Repeat the records below exactly, leaving out any pictures.
Data provided section start
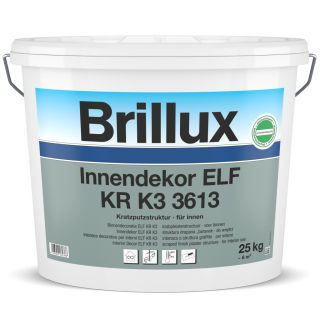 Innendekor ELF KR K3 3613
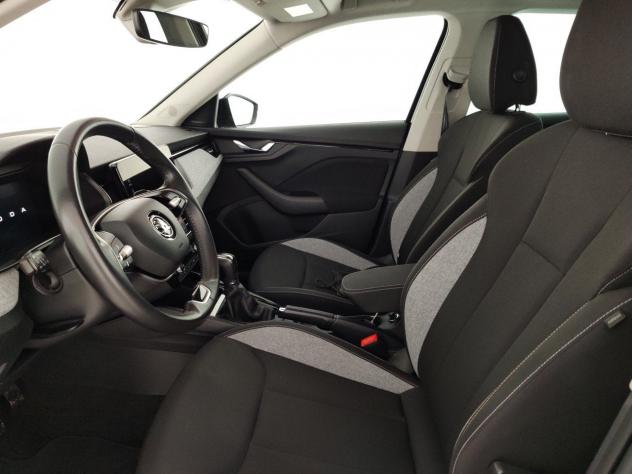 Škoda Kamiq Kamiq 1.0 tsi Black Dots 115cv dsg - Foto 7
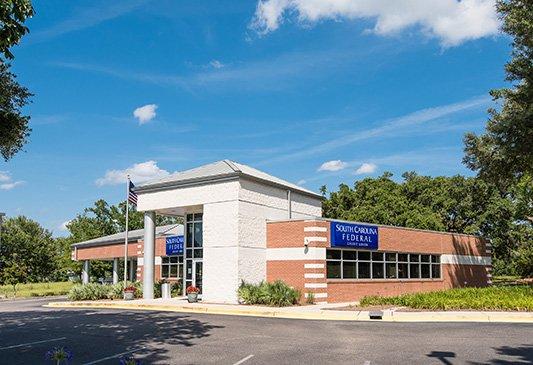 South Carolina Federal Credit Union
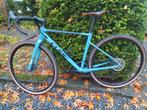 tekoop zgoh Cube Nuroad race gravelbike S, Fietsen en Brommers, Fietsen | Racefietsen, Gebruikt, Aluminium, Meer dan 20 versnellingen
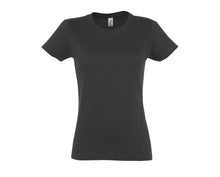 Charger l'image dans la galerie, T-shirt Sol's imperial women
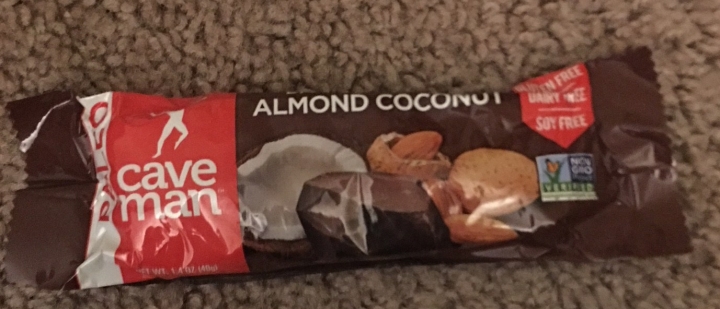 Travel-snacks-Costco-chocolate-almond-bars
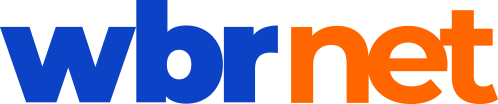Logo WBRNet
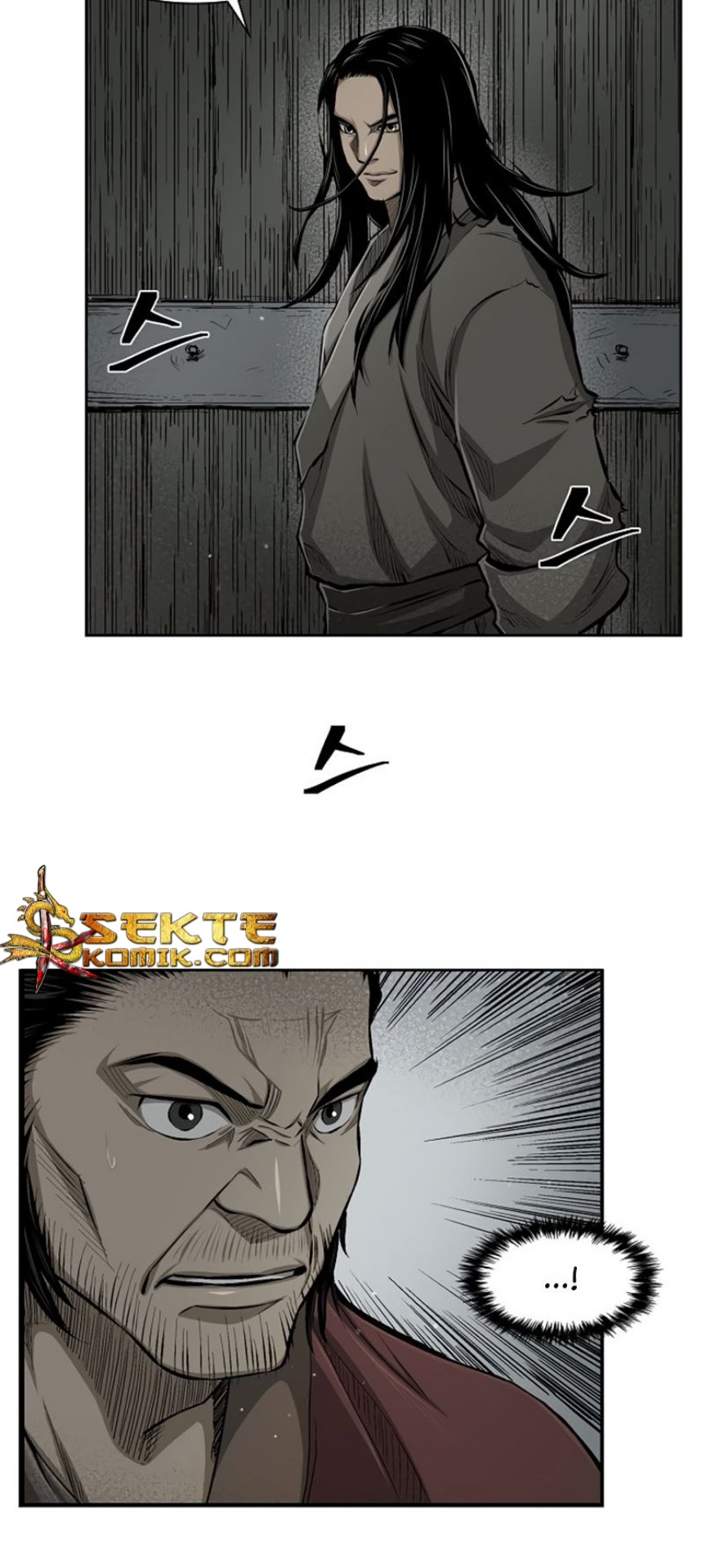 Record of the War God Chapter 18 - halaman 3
Data provided section end
Output:
 Innendekor ELF KR K3 3613
 Škoda Kamiq Kamiq 1.0 tsi Black Dots 115cv dsg - Foto 7
 South Carolina Federal Credit Union
 tekoop zgoh Cube Nuroad race gravelbike S, Fietsen en Brommers, Fietsen | Racefietsen, Gebruikt, Aluminium, Meer dan 20 versnellingen
 Charger l'image dans la galerie, T-shirt Sol's imperial women
 Travel-snacks-Costco-chocolate-almond-bars
Logo WBRNet
 Record of the War God Chapter 18 - halaman 3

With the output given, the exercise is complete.